We visited the Brandenburg gate and sought refuge from a summer rain at a diner filled with British tourists. Berlin has the same melting pot feel and diversity of New York City.

Then, pretzels from a street vendor, some with white cheese and some with salt, a five minute walk to the Central train station, passing the Reichstag (parliament) building.
A sign at the wall
The Berlin Wall is covered in brilliant and dark art, graffiti, handprints, names, cartoons, it is the cultural and creative canvas of a broken city and country divided virtually overnight by barbed wire and masonry. Now it seems to be the expression of unchained humanity, of community longing for the connection of sameness while embracing the uniqueness of self.

Berlin bathrooms are adventures, as in all of Germany. More technically advanced and efficient plumbing fixtures, but few were free. We spent twenty euros on toll booths to bathrooms, zero euros on highway tolls.

Speaking of highways, if every American could drive the autobahn as a prerequisite to a drivers license, our interstates would be much safer. There is a gorgeous constant stream of deferring right, right, right…never left, I loved it. Average cruising was about 150-160 kph, but I’m not telling my top speed.

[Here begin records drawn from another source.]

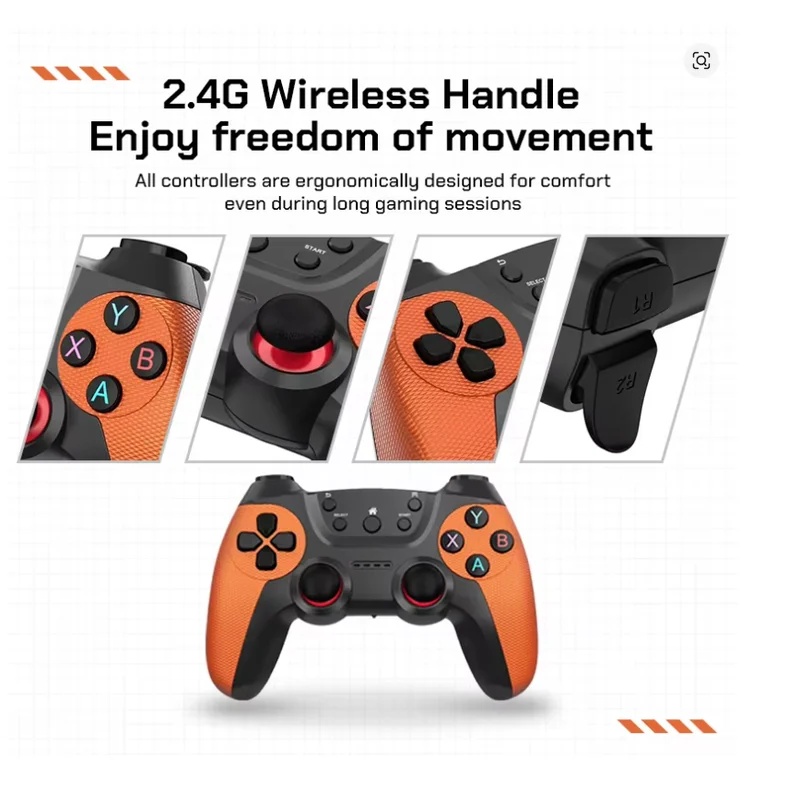 Konsol Game Video Rumahan 4K X - Gaming Console Stick ulasan dan harga
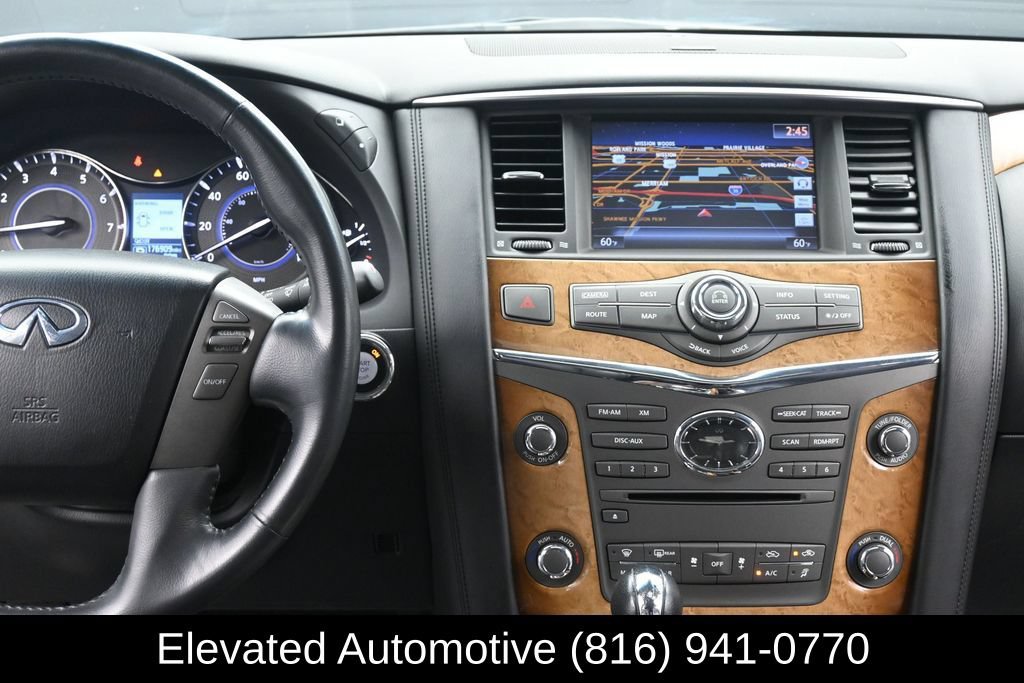 Used 2014 INFINITI QX80 4WD w/ Theater Package image 14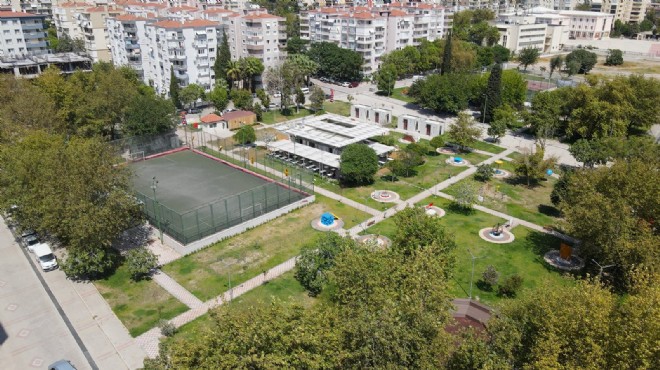 Bayraklı'nın 'yeşil' raporu: 4,5 yılda 21 yeni park!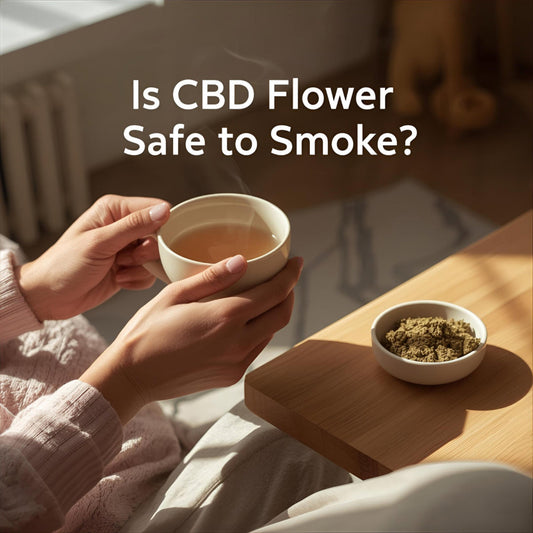 Is CBD Flower Safe to Smoke?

Medieval Ferris wheel in Wittenberg
Medieval Ferris wheel in Wittenberg

A week ago we strolled the streets of Hamburg and my son pointed to several bronze medallions embedded in sidewalks near the front porches of residences, the names of Jews taken from that home, murdered, because they were so presumptuous to be born Jewish. We only see their name and dates, their tenure on earth, and we feel some general sympathy, but nothing specific, because we never knew them, never hugged them, never saw them as they were. Folks fishing and sailing in lake Alster, bakery chefs, cafe owners, bus drivers, teachers. What if that bronze medallion was etched with the name of my son? Would I hate them?

My daughter Lauren sat next to me on one of many train rides in Berlin and she said, “I never really knew why people hated them.” “Hated whom?”, I replied. “The Jews.” I asked her, “Why did they hate them?” “They were smart and rich,” she answered. I didn’t have a response so I sat looking at Berlin pass by out the train window.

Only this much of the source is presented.